======== Recorded data
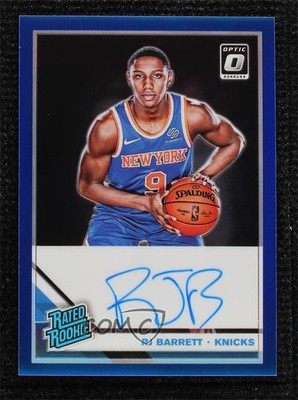 2019 Donruss Optic Blue Prizm Signatures 9/49 RJ Barrett #178 Rookie Auto RC 0el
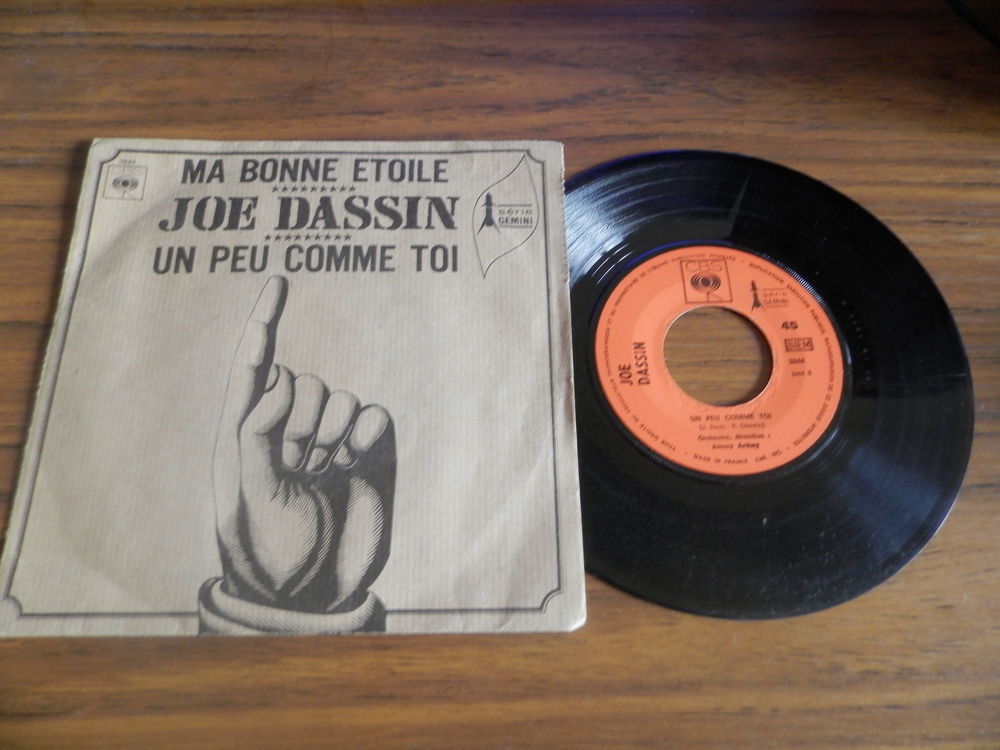 Joe Dassin  -  Ma bonne etoile/un peu comme toi 2 Paris 12 (75)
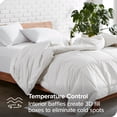 thumbnail image 3 of Bare Home Down Comforter - 100% Cotton Shell - Responsible Duck Down Fill - King/Cal King, White, 3 of 9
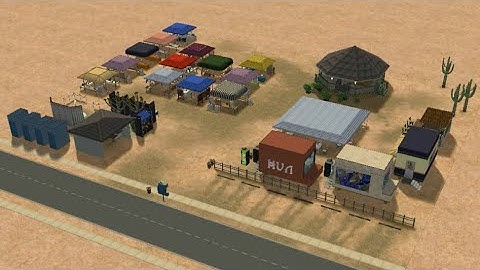 Sims 2 Build: Strangetown Fair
================
# What is required:
Please transcribe the lines from the one containing "Paris 12 (75)" to the last line of the listing, both included, exactly and with nothing added, leaving every picture out.

# Response:
 Joe Dassin  -  Ma bonne etoile/un peu comme toi 2 Paris 12 (75)
 thumbnail image 3 of Bare Home Down Comforter - 100% Cotton Shell - Responsible Duck Down Fill - King/Cal King, White, 3 of 9
 Sims 2 Build: Strangetown Fair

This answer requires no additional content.